To be able to delay some track (and compensate the latency introduced by the processors) I was thinking to have a way to calculate the position to write in the buffer based on the current write index position and the delay in sample.

But I’m really struggling to find a library that have a ring buffer with that ability to write in various position of the buffer, and are thread-safe for multi-producer/single-consumer.
I’m finding lock-free queues (like the AbstractFifo in juce), that cannot be used in the way I’m thinking, as I can only append a value to the queue, but not sum the values in a variable position of the queue.
Anyone have something like that?
I’ve tries searching in the forum, but haven’t fine something like that.

Or any suggestion to design the system in a different way that can achieve the same result? (Have multiple track with different delay summed together in a buffer that it’s constantly red by the audio interface)
Any possibility to have a solution that permit to write and read from different threads?

I know that’s really hard… but I can see that implemented in some ways in many daw and I would like to understand how.

Hope someone can help me
Thanks to all
Cheers
Daniele

This is really, really complicated.

I would probably try to solve this with dependency graphs. It would allow you to determine which processors depend on each other, and then execute them, in groups, serially (with the option of multi-threading later).
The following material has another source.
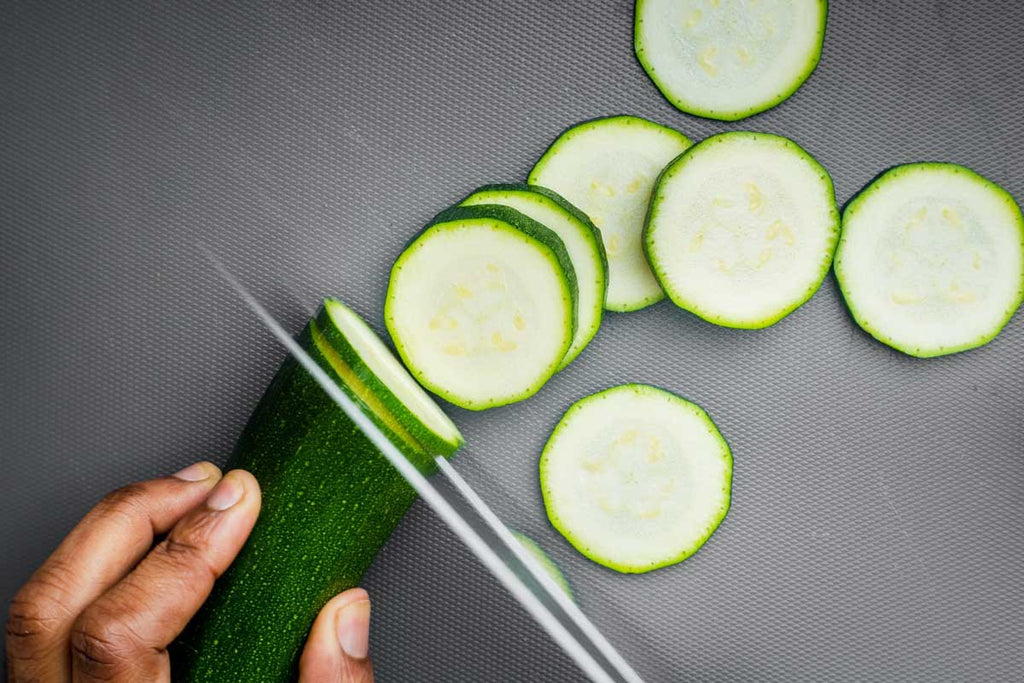 Stay Hydrated with Cucumbers Nutrition For Training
This would require multiple buffers that need filling/summing at multiple points, I would implement these as ‘pseudo-processors’ that are part of the graph.
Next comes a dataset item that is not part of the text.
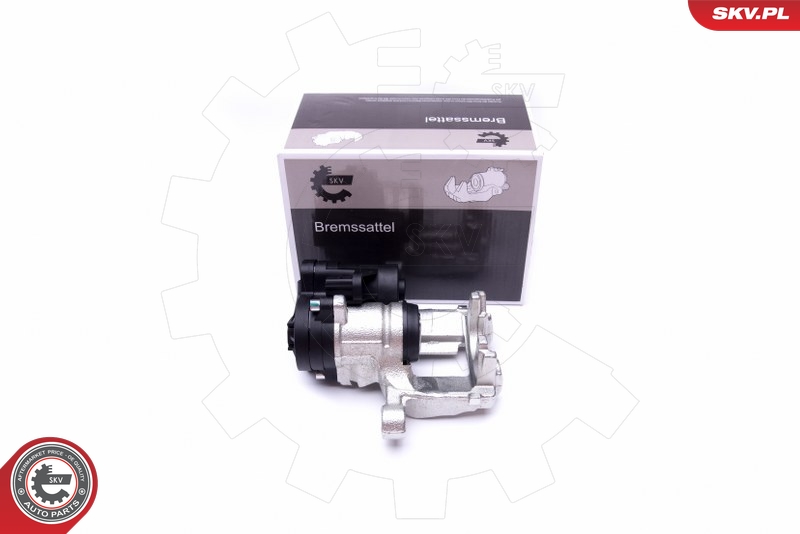 ESEN SKV Jarrusatula 46SKV954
My naive approach to latency compensation would be a ‘worst-case’ buffer based on the maximum latency compensation required but this is probably a bad idea for many reasons!

1 Like

What would you think about something like this?
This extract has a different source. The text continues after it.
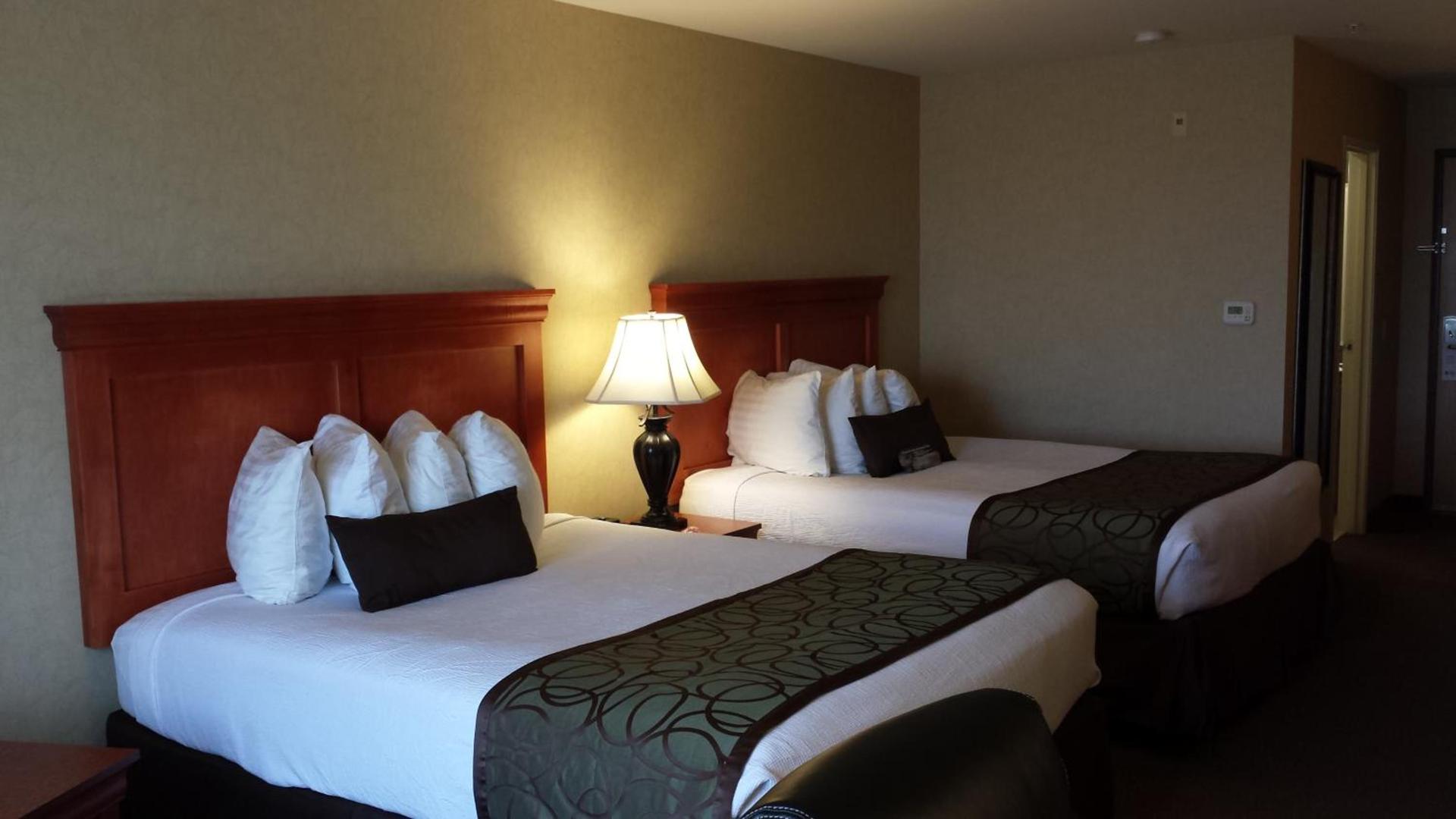 Best Western Plus Kennewick Inn photo 39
/*should be at least as great as number of delay samples
* here set to an abitrary size of 1s @ samplerate 44100
*/
constexpr int bufferSize = 44100;	
int bufferWritePos = 0;
HeapBlock<float> ringBuffer(bufferSize, true);

class Track
{
public:
	/*
	.
	.
	.
	*/
	int getWritePos(int currentReadPos)
	{
		auto writePos = currentReadPos + delaySamples;
		if (writePos >= bufferSize)
			writePos = 0;
	}

       /*
      reads the next sample from trackSamples
      */
	float getNextSample();

private:
	int delaySamples;

	//possibly maintaned and filled from a bufferingAudio source or similar
	AudioBuffer<float> trackSamples;
};

std::vector<Track *> tracks;

/*
your audio interface calls this to fill it's buffer with samples
*/
float getNextSummedSampleFromTracks()
{
	for (auto track : tracks)
	{
		auto sample = track->getNextSample();
		auto writePos = track->getWritePos(bufferWritePos);
		ringBuffer[writePos] += sample;
	}

	auto summedSample = ringBuffer[bufferWritePos];
	ringBuffer[bufferWritePos] = 0.0f;
	bufferWritePos++;

	return summedSample;
}

It’s not the most efficent way to read sample by sample, better would be to read/write a buffer full of samples for each call, but hopefully it will give you some useful input to the design of your system.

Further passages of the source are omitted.